Lors de sa première conférence de presse en mars, il a exprimé son souhait de poursuivre ses études dans l’écologie urbaine avec une ambition : protéger les populations d’insectes menacées par l’expansion des villes. Une passion qui lui vaut le surnom affectueux de prince libellule.

Un héritage en péril

Mais si le destin d’Hisahito semble tracé, son avenir institutionnel est bien plus incertain. Le prince est l’un des rares héritiers masculins d’une dynastie qui revendique 1 500 ans d’histoire ininterrompue. Après l’empereur Naruhito et son père Akishino, il est le seul homme en âge de succéder au trône.

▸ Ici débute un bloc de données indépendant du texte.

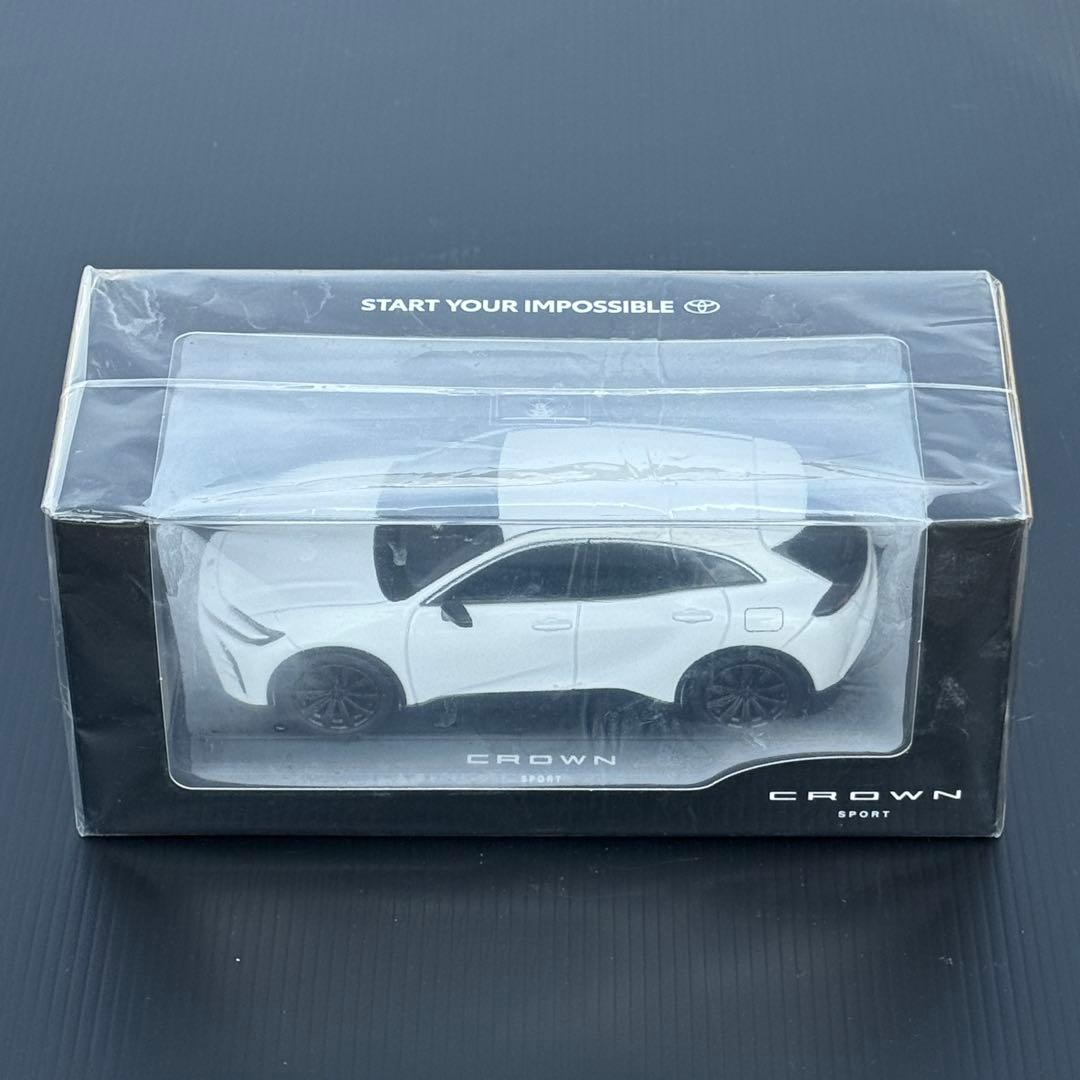 非売品 トヨタ クラウンスポーツ 1/30 カラーサンプル ミニカー 白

La pénurie de successeurs résulte d’un cadre légal rigide. Depuis 1947, la loi impériale limite l’accession au trône aux seuls descendants masculins. Or, la famille impériale compte aujourd’hui 16 membres, dont la majorité sont des femmes. Même la princesse Aiko, fille unique de l’empereur Naruhito et très populaire auprès du public est exclue de la succession.

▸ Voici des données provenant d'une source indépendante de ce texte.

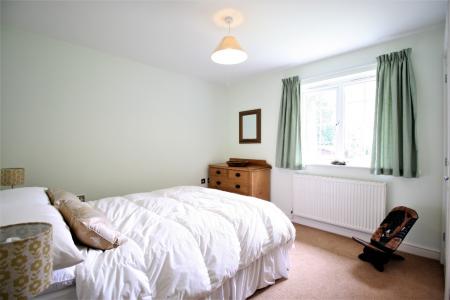 4 bedroom Detached house to let in Ryelands, Shrewsbury, SY3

Historiquement, le Japon a pourtant connu huit impératrices, la dernière ayant régné au XVIIIe siècle. Mais aucune d’elles n’a transmis la couronne à sa descendance, renforçant l’idée que seule la lignée masculine garantit la continuité.

Un débat politique enlisé

La naissance d’Hisahito en 2006 avait temporairement écarté le débat sur une possible ouverture de la succession aux femmes. Mais aujourd’hui, l’impasse demeure. Certains conservateurs suggèrent d’autoriser l’adoption d’héritiers issus de branches impériales disparues. D’autres plaident pour une réforme profonde, permettant aux femmes de conserver leur statut après mariage et, à terme, de monter sur le trône.

En mai dernier, le quotidien conservateur Yomiuri a appelé à une révision urgente de la loi rappelant que la monarchie ne pouvait rester prisonnière d’un système qui l’étrangle.

En attendant, le poids de cette incertitude repose sur les épaules d’un jeune homme qui, pour l’heure, préfère observer les battements d’ailes des libellules plutôt que l’ombre pesante du trône.